Un maremoto recorre y azota Europa, política y económicamente hablando, desde que hace unos días el primer ministro griego, Yorgos Papandreu, anunciase la convocatoria de un referéndum popular para que el pueblo griego decidiese si quería o no ser "rescatado" por la Unión Europea, en otras palabras, si querían que el BCE y el FMI inyectasen dinero a los bancos griegos para salvarlos de la quiebra. Y todos sabemos que estos "rescates" no son gratuitos, que es un dinero prestado y que se tiene que devolver con intereses, pero se da el injusto, irracional e incomprensible hecho de que no es la propia banca la que devuelve el dinero que le es prestado, sino que esa deuda se socializa entre el conjunto de los ciudadanos, que son los que acaban pagándola a base de recortes, de drásticas bajadas de sueldos, de despidos masivos, de subidas de impuestos y de privatizaciones de servicios públicos.

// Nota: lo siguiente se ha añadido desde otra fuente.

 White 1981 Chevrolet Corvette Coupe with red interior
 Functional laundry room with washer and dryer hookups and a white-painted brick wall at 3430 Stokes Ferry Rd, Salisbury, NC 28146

Desde la aprobación del primer rescate, que trajo consigo la brutal avalancha de recortes sociales en Grecia, el malestar social subió como la espuma, la calidad de vida cayó en picado y las primeras manifestaciones contra el poder político corrupto y contra las exigencias de la élite financiera europea no se hicieron esperar.
En el presente año, la situación económica de Grecia ha ido empeorando segundo a segundo, se han ido liquidando derechos y servicios básicos en pos de "contener el déficit", hasta el punto de que la situación se ha hecho tan insostenible que muchos en Grecia abogan por la salida del euro y volver a su moneda nacional, lo cual es comprensible porque con las actuales exigencias de la Unión Europea y el empeño del BCE en no devaluar la moneda, Grecia no sólo no puede, ni podrá, hacer frente a su deuda, sino que además es incapaz de reactivar su economía, y como consecuencia, de mejorar un ápice el descontento social.